**WHAT TO PRODUCE:** Repeat every entry exactly. Pictures stay out.

(Image-caption web data)
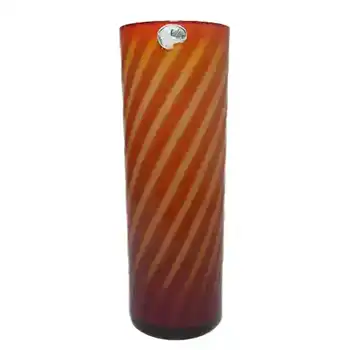 Elme 1970s Scandinavian Orange Cased Glass Stripey Vase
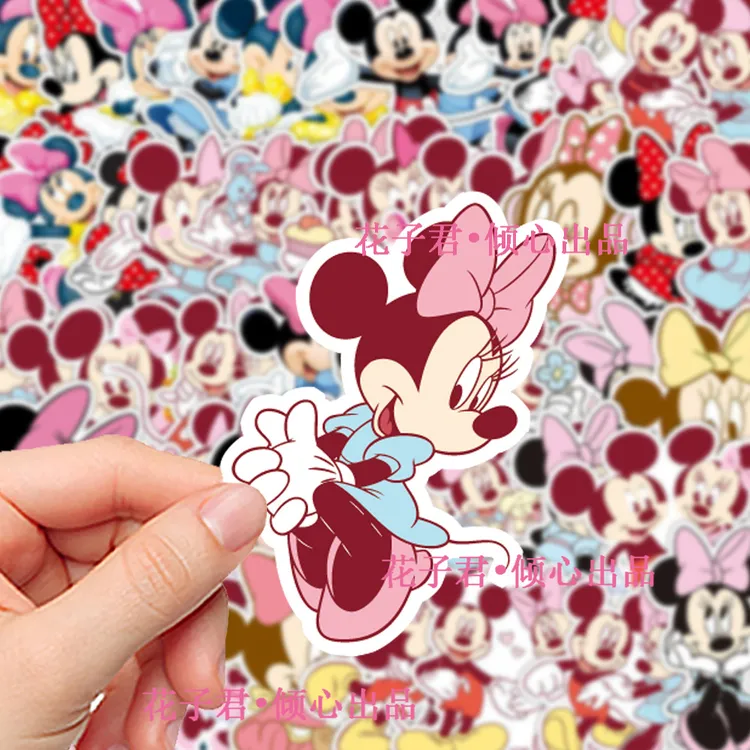 50张米老鼠米妮贴纸卡通可爱ins风装饰diy手机壳桌面手账贴画防水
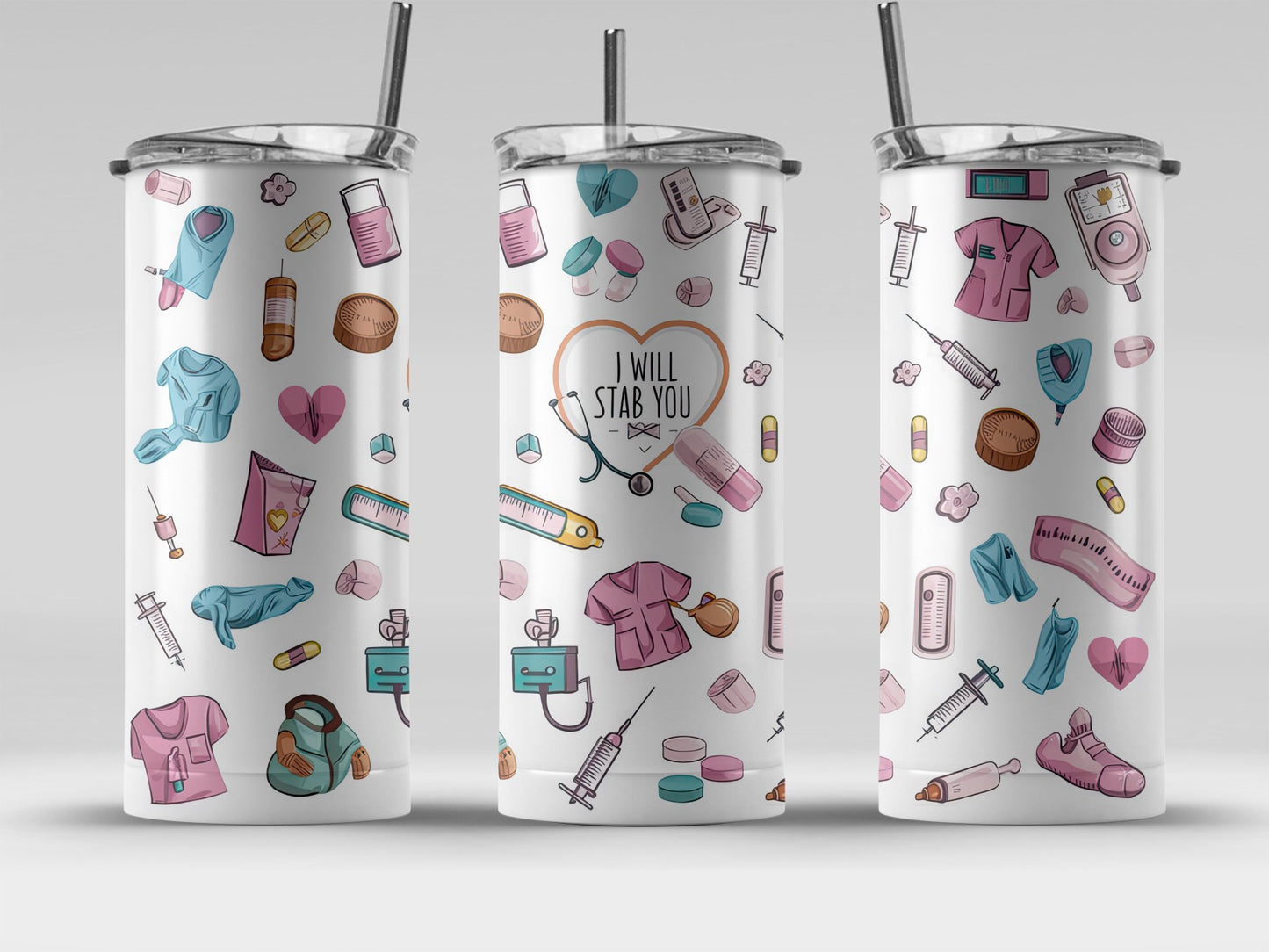 I Will Stab You Nurse Themed Stainless Steel Tumbler product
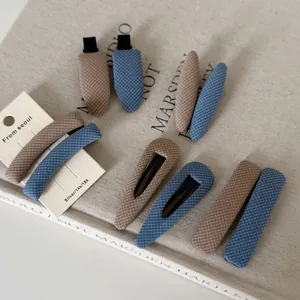 British style plaid fabric hair clip set featuring vintage checkered patterns and shapes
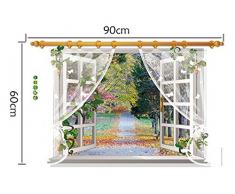 Wall sticker adesivo finestra Autumn Scenery decorazione adesiva parete casa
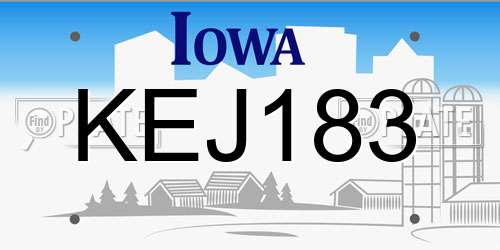 KEJ183 Iowa License Plate
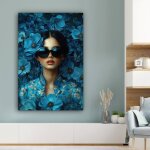 Avec cadre impression sur toile peinture 40x60 cm femme - fleurs - bleu - esth�tique - luxe tableaux ...
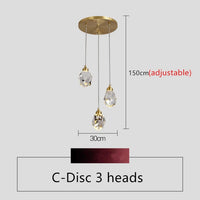 Nordic Crystal Pendant Light - LED Hanging Chandelier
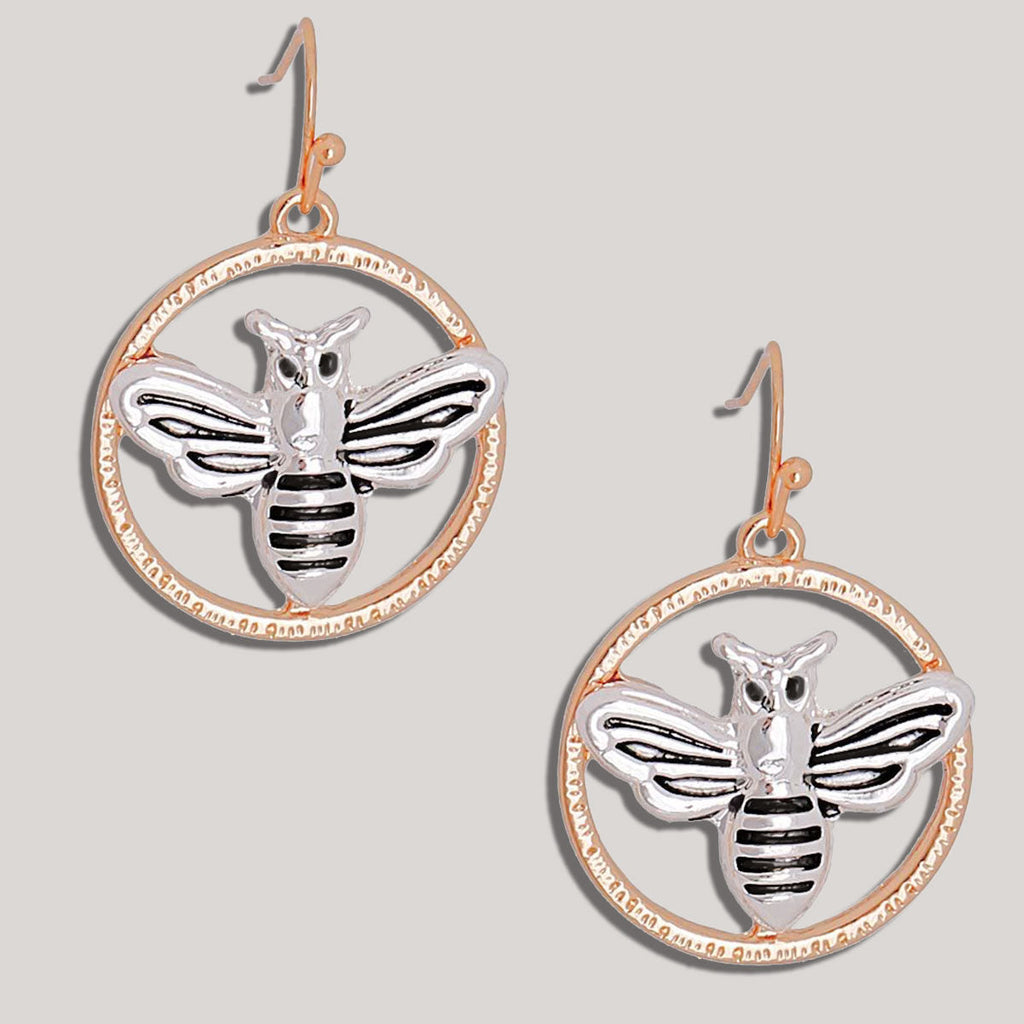 Statement Burnished Metal Bee Earrings – Trendy Fashion Jewelry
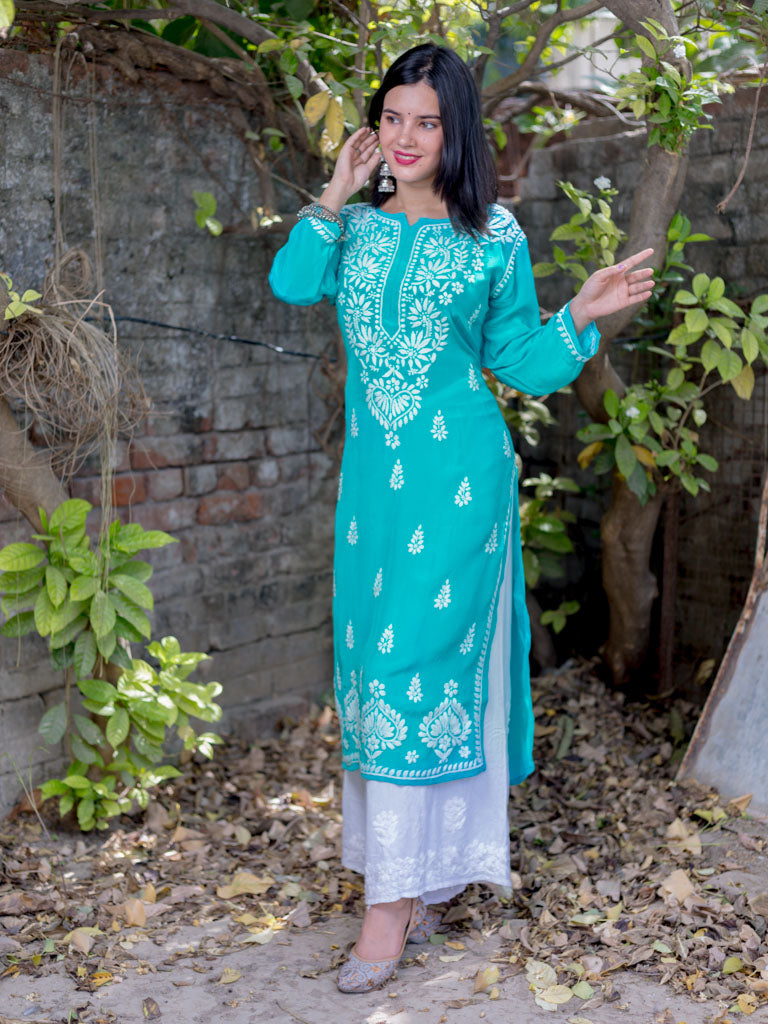 Readymade Floral Chikankari Crepe Silk Kurti-Aqua Blue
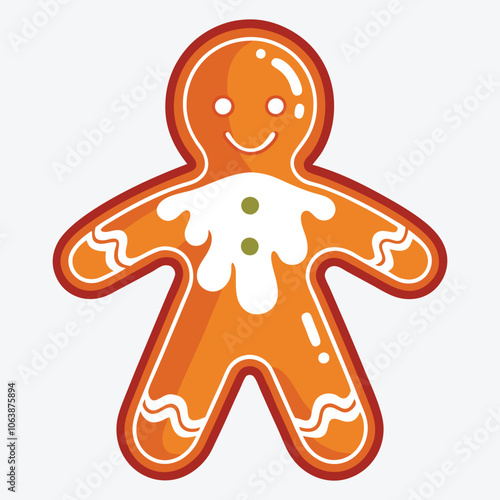 Christmas Day, Gingerbread Glow silhouette white background illustration, Generative Ai,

**SOLUTION FOR THIS PROBLEM:**
 Elme 1970s Scandinavian Orange Cased Glass Stripey Vase
 50张米老鼠米妮贴纸卡通可爱ins风装饰diy手机壳桌面手账贴画防水
 I Will Stab You Nurse Themed Stainless Steel Tumbler product
 British style plaid fabric hair clip set featuring vintage checkered patterns and shapes
 Wall sticker adesivo finestra Autumn Scenery decorazione adesiva parete casa
 KEJ183 Iowa License Plate
 Avec cadre impression sur toile peinture 40x60 cm femme - fleurs - bleu - esth�tique - luxe tableaux ...
 Nordic Crystal Pendant Light - LED Hanging Chandelier
 Statement Burnished Metal Bee Earrings – Trendy Fashion Jewelry
 Readymade Floral Chikankari Crepe Silk Kurti-Aqua Blue
 Christmas Day, Gingerbread Glow silhouette white background illustration, Generative Ai,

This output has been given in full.